Antonia Gottwald / Holger Zaborowski (Hrsg.): Hans Kock. Skulptur und Raum

„Wer Kunst sagt, spricht vom Menschen“ (78); „das BILD … ist Verwandlung der Materie zum Geist“ (212). Zwei prägnante Aussagen, keines Kunsttheoretikers, sondern eines bildenden Künstlers, nämlich von Hans Kock, der in erster Linie als Bildhauer, aber auch als Zeichner und Maler tätig war. Er wurde 1920 in Kiel geboren, wirkte viele Jahre in Hamburg und starb 2007 in Kiel-Schilksee; im Norden ist er durch seine Skulpturen im öffentlichen Raum bekannt. Nun machen die beiden Herausgeber – Antonia Gottwald, von 2001-2007 engste Mitarbeiterin des Künstlers, und Holger Zaborowski, seit 2020 Professor für Philosophie in Erfurt – das Werk des Künstlers einer breiteren Öffentlichkeit bekannt: Der 2017 unter dem Titel „Licht – Mitte – Raum“ erschienene Band galt seinen Arbeiten im Greifswalder Dom (1982-1989), der 2020 veröffentliche Band „Bild des Glaubens“ widmete sich der umfassenden Neugestaltung der Feldsteinkirche St. Cyriakus in Kellinghusen (1974/75 und 1993). Beide Publikationen belegen Kocks Fähigkeit, historische Kirchen liturgisch stimmig zu ergänzen und zu modernisieren. Das vorliegende, ebenfalls reich illustrierte Buch präsentiert Kocks zwischen 1972 und 2007 entstandenes schriftliches Werk: Gespräche, Essays sowie Vorträge zu eigenen Arbeiten und denen geschätzter Künstlerkolleginnen und -kollegen. In den Texten spiegeln sich die zeitgenössischen Kunstdiskurse wider, in denen der Künstler engagiert, gelegentlich auch polemisch Stellung bezog.

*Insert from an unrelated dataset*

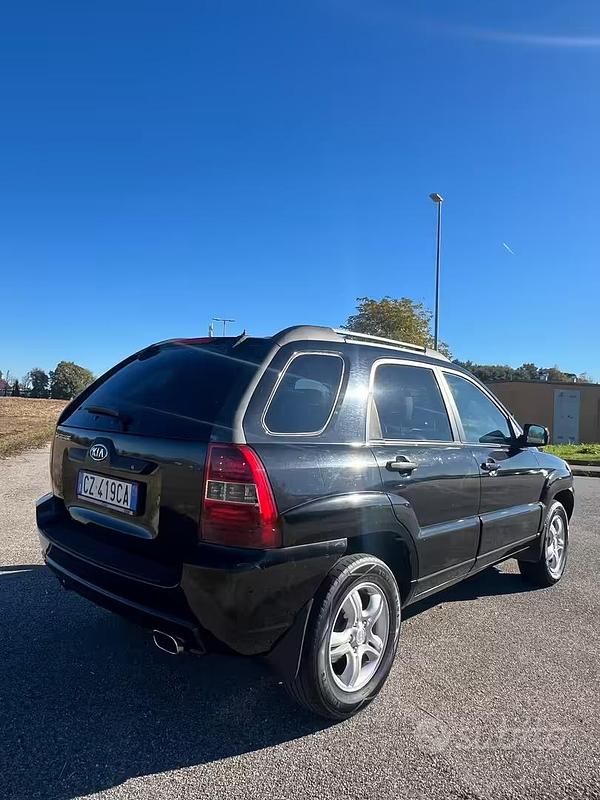 Usata Kia Sportage Active 112 CV (82 kW) 2005 Nero SUV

Den Raum versteht Kock als ein Umgreifendes, in dem auf der einen Seite die „Natur als Schöpfung“ und auf der anderen Seite der Mensch als geistiges Wesen in einem Spannungsverhältnis stehen. Der Mensch nutzt das ihm in der Schöpfung gegebene Material, um durch das ihm eigene Bildvermögen beispielsweise Gebäude oder Bildwerke als Objektivationen menschlichen Geistes hervorzubringen. Freilich sind nicht alle Bilder auch BILDER, denn es gibt Machwerke, die uns verarmen lassen, und solche, die unser Leben bereichern. Auf diesem gedanklichen Hintergrund lobt Kock die Architektur von Jugendstil oder Bauhaus und kritisiert die der Nachkriegszeit: Deren „Lob des Kubus“, das mit einer Abschaffung des Bildhaften – nämlich von Rundung und ornamentalem Profi – einhergeht, hat vielerorts zu städtebaulicher „Verödung“ geführt. Selbstverständlich, so der Bildhauer, gibt es keine Architektur ohne „Gebrauchscharakter“, ihr „höchster Gebrauchswert aber sei die Lebensfreude, darin zu hausen“ (64).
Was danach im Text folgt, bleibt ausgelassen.